We stop at the deceased’s village. Yellow-ochre round mud huts topped with conical thatching surrounded by soya crops. I find out the deceased is an old lady who does not have relatives to take care of her burial. As we dive through more tall grass I wonder at this life that has passed away, who she was, what her worries were, what her joys. How many lives have been taken by this bacterium scourging this beautiful land?

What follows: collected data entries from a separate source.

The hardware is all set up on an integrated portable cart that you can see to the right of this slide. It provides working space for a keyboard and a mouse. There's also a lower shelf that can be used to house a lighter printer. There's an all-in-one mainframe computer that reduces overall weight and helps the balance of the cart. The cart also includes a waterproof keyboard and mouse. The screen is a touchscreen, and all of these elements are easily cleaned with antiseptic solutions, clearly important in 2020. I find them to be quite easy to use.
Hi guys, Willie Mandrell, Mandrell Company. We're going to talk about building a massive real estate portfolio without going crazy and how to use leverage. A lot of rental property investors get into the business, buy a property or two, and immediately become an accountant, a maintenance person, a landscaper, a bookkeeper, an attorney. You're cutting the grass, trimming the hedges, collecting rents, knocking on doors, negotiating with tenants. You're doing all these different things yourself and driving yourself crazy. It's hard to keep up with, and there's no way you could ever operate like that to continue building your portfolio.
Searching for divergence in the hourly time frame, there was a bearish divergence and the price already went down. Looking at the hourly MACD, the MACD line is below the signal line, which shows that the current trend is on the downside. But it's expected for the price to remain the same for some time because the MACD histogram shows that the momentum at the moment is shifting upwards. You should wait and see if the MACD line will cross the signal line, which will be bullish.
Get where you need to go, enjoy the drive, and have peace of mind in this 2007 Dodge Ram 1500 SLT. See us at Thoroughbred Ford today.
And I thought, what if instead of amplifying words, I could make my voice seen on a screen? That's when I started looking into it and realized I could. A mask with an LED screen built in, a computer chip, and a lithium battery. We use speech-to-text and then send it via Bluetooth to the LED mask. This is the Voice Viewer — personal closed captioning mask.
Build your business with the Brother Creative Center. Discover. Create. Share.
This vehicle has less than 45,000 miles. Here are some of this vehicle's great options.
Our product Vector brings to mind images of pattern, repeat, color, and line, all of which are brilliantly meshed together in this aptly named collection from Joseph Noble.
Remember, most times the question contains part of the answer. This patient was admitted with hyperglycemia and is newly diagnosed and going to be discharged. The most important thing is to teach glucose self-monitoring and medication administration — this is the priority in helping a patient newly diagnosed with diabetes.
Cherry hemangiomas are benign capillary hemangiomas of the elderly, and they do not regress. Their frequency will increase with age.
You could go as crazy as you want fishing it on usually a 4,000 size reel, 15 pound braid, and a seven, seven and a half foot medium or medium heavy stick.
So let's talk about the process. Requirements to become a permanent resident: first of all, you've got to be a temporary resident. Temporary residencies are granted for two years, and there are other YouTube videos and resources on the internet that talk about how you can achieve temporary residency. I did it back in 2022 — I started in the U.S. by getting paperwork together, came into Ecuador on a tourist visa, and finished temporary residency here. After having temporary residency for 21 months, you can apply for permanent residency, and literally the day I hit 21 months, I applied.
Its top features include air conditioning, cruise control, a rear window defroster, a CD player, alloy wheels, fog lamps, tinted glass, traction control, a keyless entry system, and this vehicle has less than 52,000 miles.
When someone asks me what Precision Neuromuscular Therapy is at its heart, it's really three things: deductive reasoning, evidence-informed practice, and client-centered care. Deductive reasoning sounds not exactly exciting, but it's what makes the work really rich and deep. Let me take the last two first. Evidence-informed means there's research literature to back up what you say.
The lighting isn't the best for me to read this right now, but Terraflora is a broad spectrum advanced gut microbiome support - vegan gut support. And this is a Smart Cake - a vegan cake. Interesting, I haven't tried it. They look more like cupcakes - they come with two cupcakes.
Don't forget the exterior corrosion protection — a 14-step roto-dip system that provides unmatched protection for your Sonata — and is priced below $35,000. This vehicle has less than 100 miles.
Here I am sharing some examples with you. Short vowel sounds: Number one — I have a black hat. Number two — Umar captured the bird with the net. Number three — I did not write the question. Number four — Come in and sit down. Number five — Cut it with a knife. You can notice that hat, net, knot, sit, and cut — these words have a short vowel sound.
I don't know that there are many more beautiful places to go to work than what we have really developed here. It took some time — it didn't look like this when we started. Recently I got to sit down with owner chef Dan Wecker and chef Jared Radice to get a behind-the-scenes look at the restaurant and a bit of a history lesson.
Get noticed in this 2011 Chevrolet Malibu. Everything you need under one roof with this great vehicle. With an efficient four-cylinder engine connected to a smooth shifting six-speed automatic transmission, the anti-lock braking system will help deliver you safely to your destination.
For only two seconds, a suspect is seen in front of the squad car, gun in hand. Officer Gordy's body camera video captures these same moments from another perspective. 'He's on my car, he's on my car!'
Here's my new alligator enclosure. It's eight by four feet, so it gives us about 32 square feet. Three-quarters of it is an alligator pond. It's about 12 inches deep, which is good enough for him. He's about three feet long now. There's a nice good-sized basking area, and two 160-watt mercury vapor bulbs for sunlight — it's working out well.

Suddenly one of the young men who jumped onto the back of our car earlier to help with the burial, slaps the side of the truck. I wonder if something fell off, but then realize that there is a small little track off the right of the road through trees and grass. I walk over with them and see a clearing surrounded by trees while a carpet of orange flowers spreads out beneath. It is very peaceful. A nice place to be laid to rest.